• [TASK PROMPT]: Once the line containing "Franklin House: 143 Gardenia Way" is located, output it and every line after it through the end of the records, exactly as written and nothing else.

• [EXERCISE MATERIALS]:
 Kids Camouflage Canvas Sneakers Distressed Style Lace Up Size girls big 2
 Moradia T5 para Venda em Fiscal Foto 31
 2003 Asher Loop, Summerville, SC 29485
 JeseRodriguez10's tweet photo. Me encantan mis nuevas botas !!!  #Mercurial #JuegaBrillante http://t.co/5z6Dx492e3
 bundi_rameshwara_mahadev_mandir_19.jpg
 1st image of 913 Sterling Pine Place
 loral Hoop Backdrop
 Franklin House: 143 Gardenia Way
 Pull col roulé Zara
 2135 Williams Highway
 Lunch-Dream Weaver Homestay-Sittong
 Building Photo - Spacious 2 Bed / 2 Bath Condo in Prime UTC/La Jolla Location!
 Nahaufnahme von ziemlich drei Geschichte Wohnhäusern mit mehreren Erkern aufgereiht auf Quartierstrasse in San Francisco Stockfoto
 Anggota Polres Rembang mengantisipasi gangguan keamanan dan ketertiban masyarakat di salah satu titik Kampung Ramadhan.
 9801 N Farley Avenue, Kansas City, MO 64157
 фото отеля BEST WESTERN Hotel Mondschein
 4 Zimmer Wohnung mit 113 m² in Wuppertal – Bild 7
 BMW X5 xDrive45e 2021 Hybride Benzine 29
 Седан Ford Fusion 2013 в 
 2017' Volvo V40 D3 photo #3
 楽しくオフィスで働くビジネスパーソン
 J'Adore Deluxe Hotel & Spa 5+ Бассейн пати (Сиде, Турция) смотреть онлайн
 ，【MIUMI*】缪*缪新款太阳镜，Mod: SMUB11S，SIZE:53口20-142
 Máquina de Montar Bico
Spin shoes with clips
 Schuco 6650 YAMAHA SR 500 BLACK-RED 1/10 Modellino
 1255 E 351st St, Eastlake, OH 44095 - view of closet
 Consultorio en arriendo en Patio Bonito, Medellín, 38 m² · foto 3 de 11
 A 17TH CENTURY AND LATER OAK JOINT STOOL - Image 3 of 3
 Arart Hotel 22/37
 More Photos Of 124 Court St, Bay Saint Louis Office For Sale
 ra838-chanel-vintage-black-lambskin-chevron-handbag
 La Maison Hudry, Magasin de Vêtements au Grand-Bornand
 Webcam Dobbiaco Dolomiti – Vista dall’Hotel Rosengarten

• [WRITTEN RESPONSE]:
 Franklin House: 143 Gardenia Way
 Pull col roulé Zara
 2135 Williams Highway
 Lunch-Dream Weaver Homestay-Sittong
 Building Photo - Spacious 2 Bed / 2 Bath Condo in Prime UTC/La Jolla Location!
 Nahaufnahme von ziemlich drei Geschichte Wohnhäusern mit mehreren Erkern aufgereiht auf Quartierstrasse in San Francisco Stockfoto
 Anggota Polres Rembang mengantisipasi gangguan keamanan dan ketertiban masyarakat di salah satu titik Kampung Ramadhan.
 9801 N Farley Avenue, Kansas City, MO 64157
 фото отеля BEST WESTERN Hotel Mondschein
 4 Zimmer Wohnung mit 113 m² in Wuppertal – Bild 7
 BMW X5 xDrive45e 2021 Hybride Benzine 29
 Седан Ford Fusion 2013 в 
 2017' Volvo V40 D3 photo #3
 楽しくオフィスで働くビジネスパーソン
 J'Adore Deluxe Hotel & Spa 5+ Бассейн пати (Сиде, Турция) смотреть онлайн
 ，【MIUMI*】缪*缪新款太阳镜，Mod: SMUB11S，SIZE:53口20-142
 Máquina de Montar Bico
Spin shoes with clips
 Schuco 6650 YAMAHA SR 500 BLACK-RED 1/10 Modellino
 1255 E 351st St, Eastlake, OH 44095 - view of closet
 Consultorio en arriendo en Patio Bonito, Medellín, 38 m² · foto 3 de 11
 A 17TH CENTURY AND LATER OAK JOINT STOOL - Image 3 of 3
 Arart Hotel 22/37
 More Photos Of 124 Court St, Bay Saint Louis Office For Sale
 ra838-chanel-vintage-black-lambskin-chevron-handbag
 La Maison Hudry, Magasin de Vêtements au Grand-Bornand
 Webcam Dobbiaco Dolomiti – Vista dall’Hotel Rosengarten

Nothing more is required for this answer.